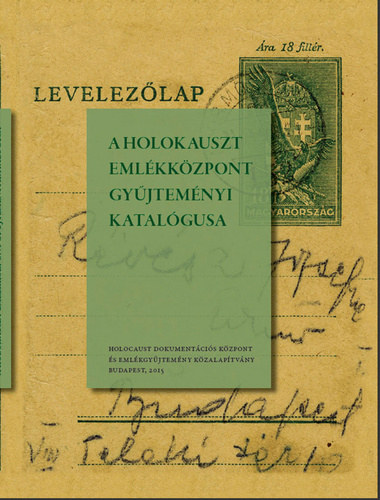 Sz�cs�nyi Andr�s  Huh�k Hel�na (szerk.) - A Holokauszt Eml�kk�zpont gy�jtem�nyi katal�gusa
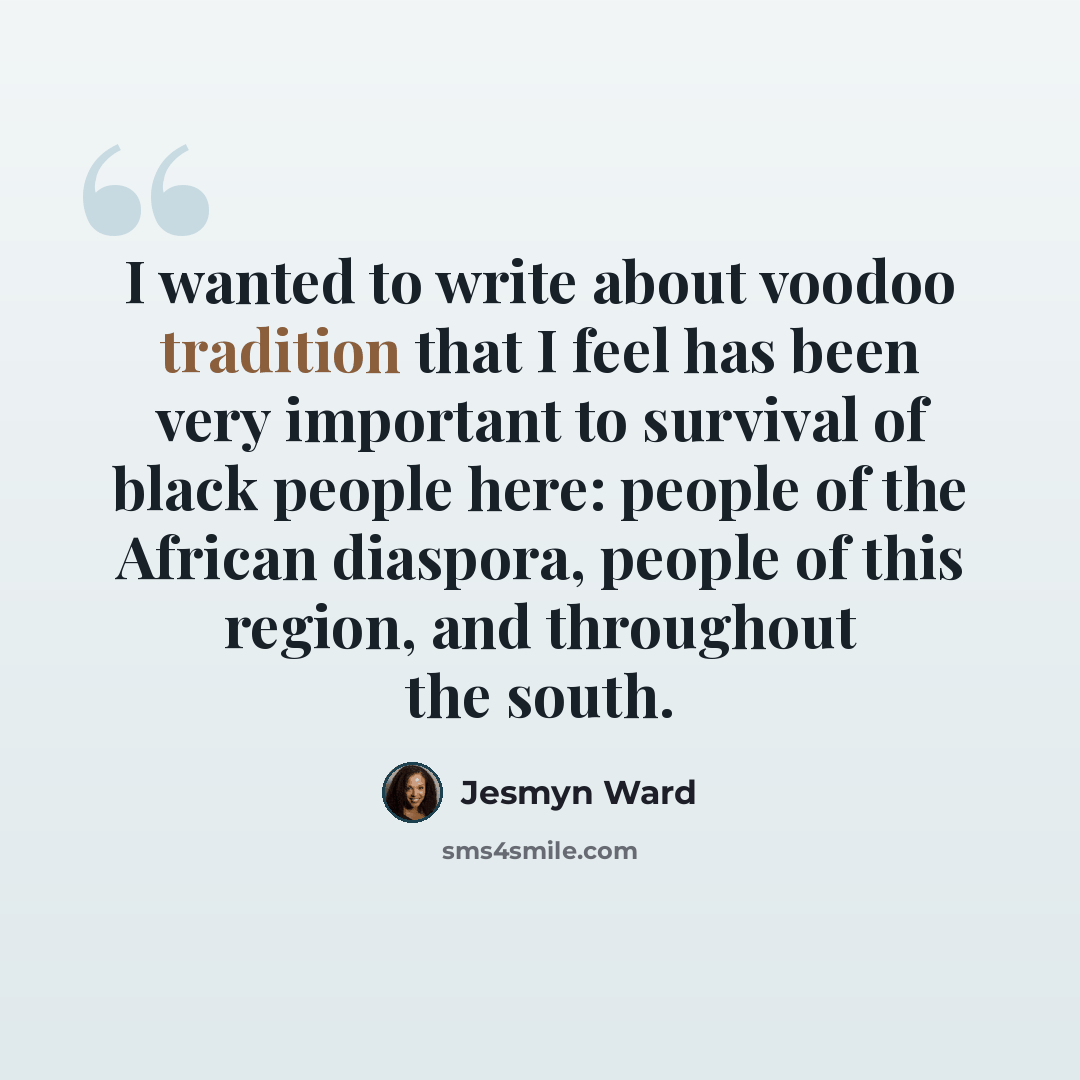 “I wanted to write about voodoo tradition that I feel has been very important to survival of black people here: people of the African diaspora, people of this region, and throughout the south.” quote by Jesmyn Ward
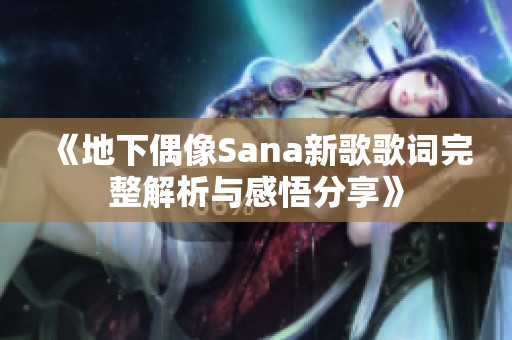 《地下偶像Sana新歌歌词完整解析与感悟分享》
--- --- ---
- [Problem description]: In the data, the line that contains "by Jesmyn Ward" begins the part to write out; restate it and each line after it word for word through the end, with no pictures.

- [Written response]:
 “I wanted to write about voodoo tradition that I feel has been very important to survival of black people here: people of the African diaspora, people of this region, and throughout the south.” quote by Jesmyn Ward
 《地下偶像Sana新歌歌词完整解析与感悟分享》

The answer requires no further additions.